Air Force Will Soon Test Shipping Cargo Via SpaceX Rockets

The U.S. Air Force announced on Monday that it intends to build two landing pads on a remote island in the Pacific. It wants to land rockets there as part of a test of the Rocket Cargo Vanguard program, which involves shooting rockets into space loaded down with supplies to ship stuff around the planet faster.

The pitch for Rocket Cargo Vanguard is that it could allow the U.S. military to deliver anything anywhere on the planet in “90 minutes or less.” How? By shooting a rocket (presumably a reusable SpaceX one) loaded down with supplies into space and then bringing them back down to Earth. The military is pretty good at firing rockets, both into space and through the air, it’s less good at making sure those things land safely.

Enter Johnston Island, a small land mass in unincorporated U.S. territory that’s about 700 nautical miles off the cost of Hawaii. As first noticed by Stars and Stripesthe Air Force uploaded a notice to the Federal Register on March 3 that signaled its intent to build test platforms on the island.

Mil Rocket Cargo Vanguard Program 1800
© Air Force art.

It’ll take some time before they can start building, however. “Johnston Atoll includes the Johnston Atoll National Wildlife Refuge and is within the Pacific Islands Heritage Marine National Monument,” the notice said. Because of that the Pentagon will have to study the effects landing massive rockets on the island may have on the “essential fish habitat, migratory birds, and other protected species.”

The Air Force thinks that all these studies will show that building two landing pads on the island so it can try landing rockets there will have “no significant impact” on the island, but it plans to make its reports public in early April. Once those reports go live, it’ll allow a 30 day period for the public to comment on the proposal.

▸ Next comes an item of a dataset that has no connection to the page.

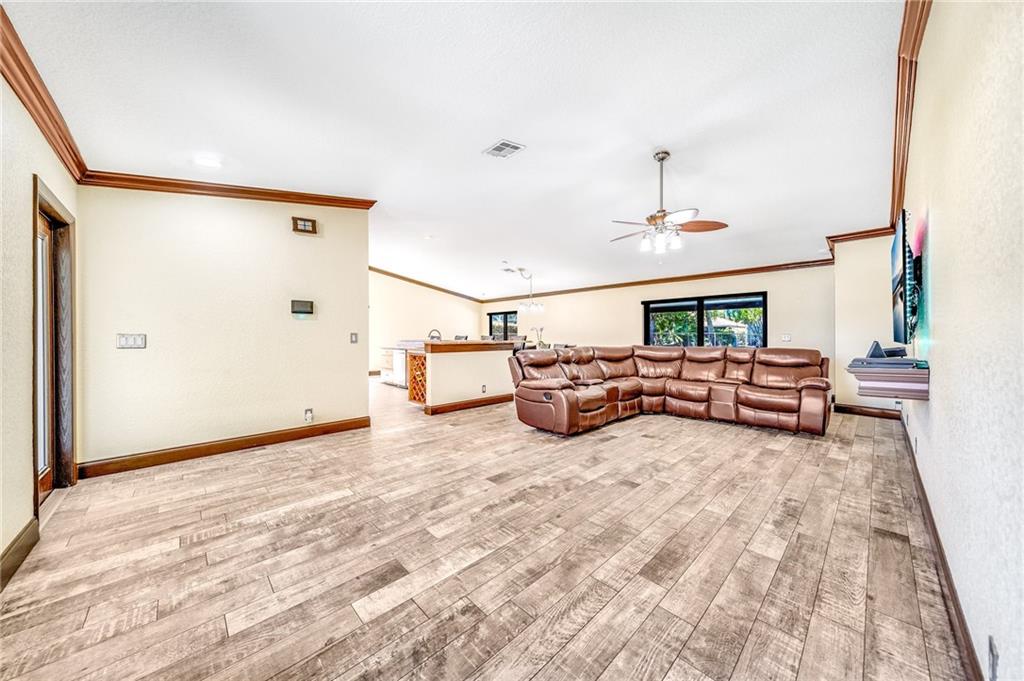 PARKWOOD V 140-6 B - Residential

The military has been working on shooting cargo into space for at least half a decade. Now retired general Stephen R. Lyons gave a speech at a National Defense Transportation meeting in 2020 where he teased a future of rocket shipping. “Think about moving the equivalent of a C-17 payload anywhere on the globe in less than an hour,” Lyons said. “Think about that speed associated with the movement of transportation of cargo and people. There is a lot of potential here and I’m really excited about the team that’s working with SpaceX on an opportunity, even perhaps, as early as 21, to be conducting a proof of principle.”

A military is only as good as its logistics. One of the reasons the American military has been so dominant in the 20th and 21st century is its ability to move humans, supplies, and equipment anywhere on the planet. One of the most iconic images from the Global War on Terror is a Burger King supply truck disembarking from a C-17 in Afghanistan in 2004. Imagine the same thing happening, in 90 minutes or less, via Elon Musk’s rockets.

One of the problems with the rocket shipping plan is cost. Fueling and flying a C-17 loaded down with up-armored Humvees to the Middle East is expensive, yes, but it’s still cheaper than launching a rocket into space. One of SpaceX’s goals is to drive down the cost of launches by re-using pieces of the rocket, but a single launch is still estimated to cost tens of millions of dollars.

Despite the costs, the dream of shooting guns, food, and gear into space persists. “Once realized, Rocket Cargo will fundamentally alter the rapid logistics landscape, connecting materiel to joint warfighters in a fraction of the time it takes today,” John Raymond, a retired Space Force general, said in a press release about the program in 2021. “In the event of conflict or humanitarian crisis, the Space Force will be able to provide our national leadership with an independent option to achieve strategic objectives from space.”